As for standards and alternatives, it comes back around to one thing - what can most people use, and is an alternative feasible? Can you do a text-only page for textmode browsers/blind browsers/low-bandwidth/etc? Is that 2 MB flash animation really that necessary?
Back to assumptions. Don't assume anything on your finances. Like another user said, offer hosting as well.
This sig no verb.
I am a freelance editor and it briefly looked like one of my clients wanted me to incorporate rather than work as an independent contractor. Fortunately, they ended up deciding not to make me switch -- fortunately, because as far as I could tell incorporating would be nothing but hassle. My bookkeeping would get a *lot* more conplicated, and my taxes would go up (since I would no longer get to deduct half of my self-employment tax from my taxable income). So, I would really like to know what the advantges of incorporation are for people like me (and presumably the orginal poster). For a home-based, computer-based business, you're not going to be going into debt to fund anything, so what exactly are you being protected from?
jf
Seriously. Accessibility is the next big thing, and the design practices that result (cleaner code, even if it lacks semantics), are worth it in the long run, especially for maintanence.
A basic overview
Designing With Web Standards
_scope creep_ read as much as possible on this phenomena that put many a web shop out of business.
pretzel_logic
I agree that the market for standard web design is highly saturated but there are some things that have helped me as a freelance web designer:
1. Read a lot. Find out what is good and bad about the web. Use xhtml and avoid javascript and flash. Don't use frontpage (or dreamweaver)!

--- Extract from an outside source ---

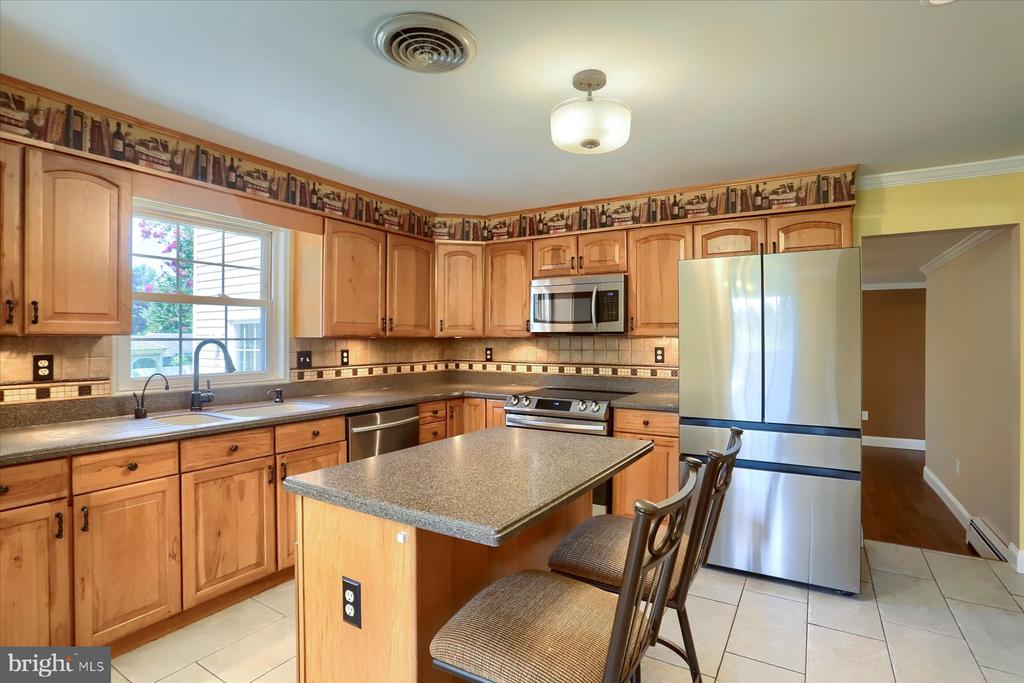 100 Wedgewood Cir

2. Be a Pro. Take graphic design (or hire a designer). Make you web pages look professional and user-friendly.
3. Become a web application programmer. Use PHP, sql, ASP, etc... and learn to write dynamic, remotely administered pages.
4. Don't over charge. Every client is a walking talking ad. Leave them happy.

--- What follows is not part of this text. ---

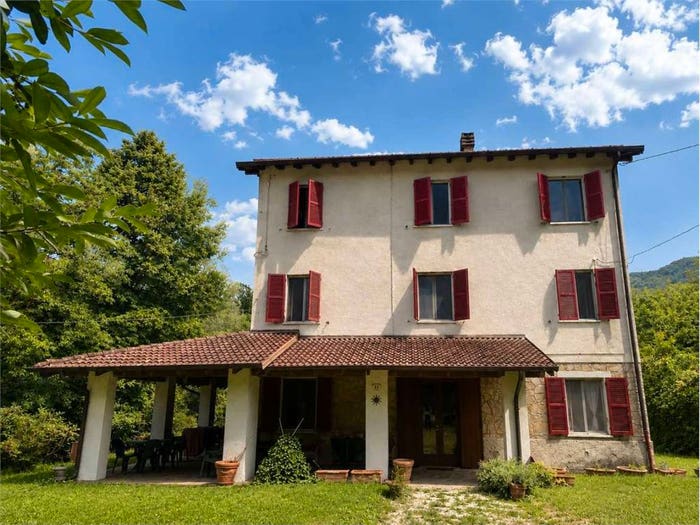 Casa con 6 locali in vendita in Via Molino Vetrina, Baiso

5. Keep it simple. Don't get over your head and NEVER take a job with the intention of learning the required skills.
Good luck. There IS money to be made. Just not a lot.
I cannot stress the value of good contracts! A good starting point is http://www.proposalkit.com/ that has excellent boilerplate proposals and contracts. Think of the professional image you give with a 5-8 page proposal and a legal binding contract. It will seperate you from the amatuers out there that dont know anything beyond dreamweaver and give single page proposals. It displays professionalism and forethought, both of which are vitally important to your potential customers and safeguards you from a major fall.
Boredom's not a burden anyone should bear.
1. The market IS saturated at the moment, as there are still a bunch of .com refugees out there willing to write html for food.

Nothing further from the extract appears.